### Data excerpt
-- Opening Marker --
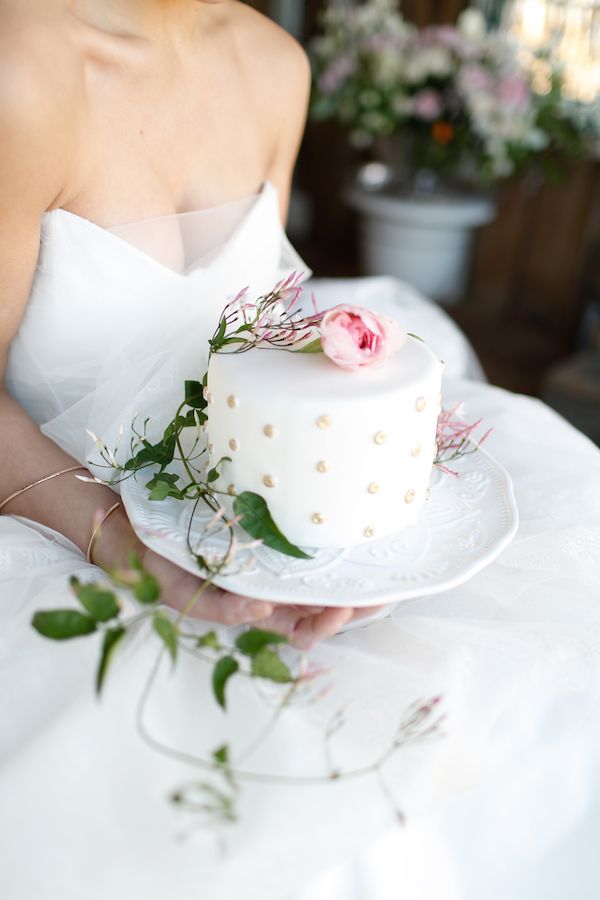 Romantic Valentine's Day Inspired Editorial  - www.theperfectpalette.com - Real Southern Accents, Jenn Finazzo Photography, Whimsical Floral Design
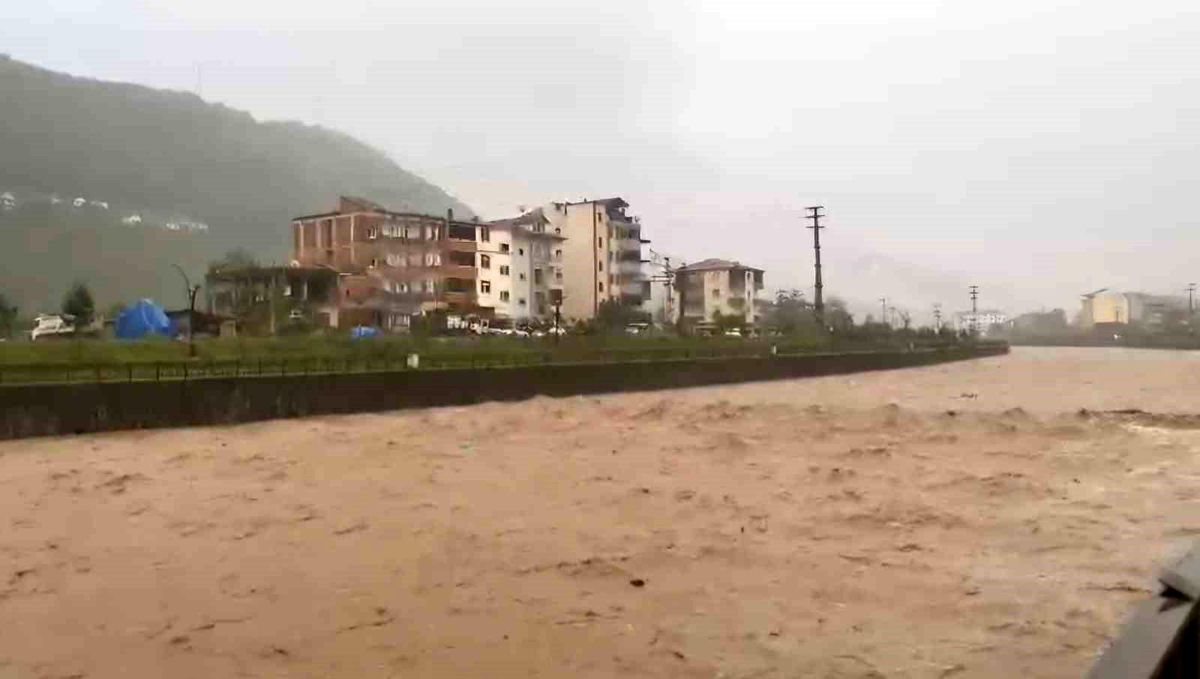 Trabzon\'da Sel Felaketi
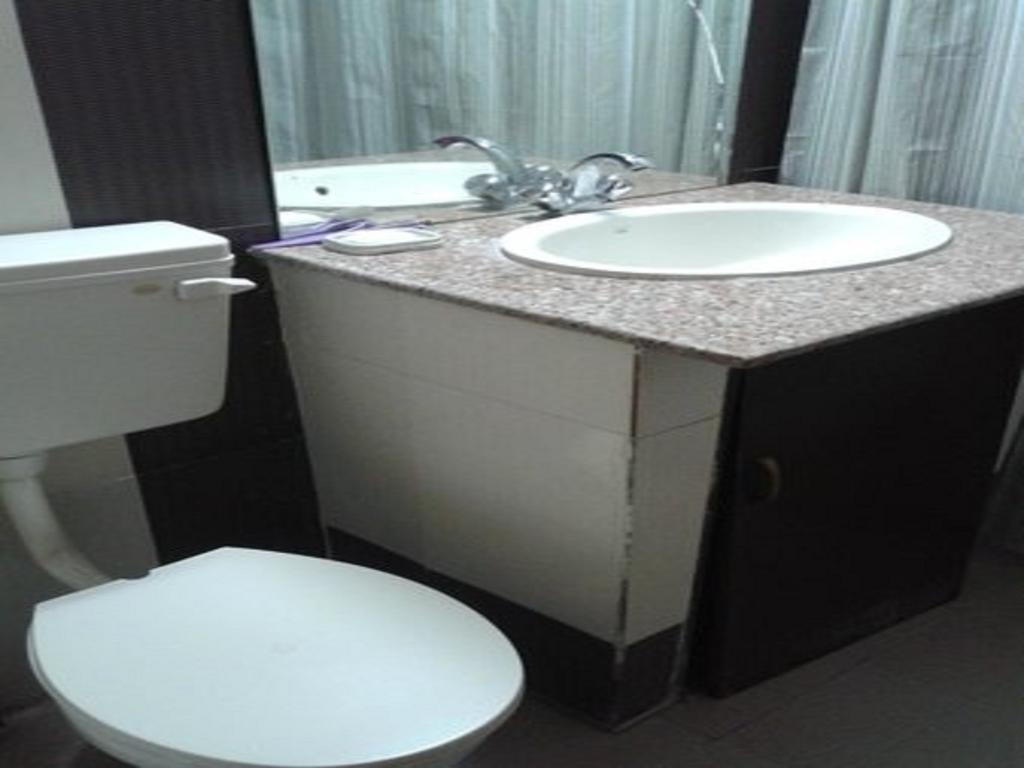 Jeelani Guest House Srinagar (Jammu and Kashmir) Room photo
-- Closing Marker --
### About this exercise
The task requires the full listing to be given again verbatim, without its pictures.

### Exercise answer
 Romantic Valentine's Day Inspired Editorial  - www.theperfectpalette.com - Real Southern Accents, Jenn Finazzo Photography, Whimsical Floral Design
 Trabzon\'da Sel Felaketi
 Jeelani Guest House Srinagar (Jammu and Kashmir) Room photo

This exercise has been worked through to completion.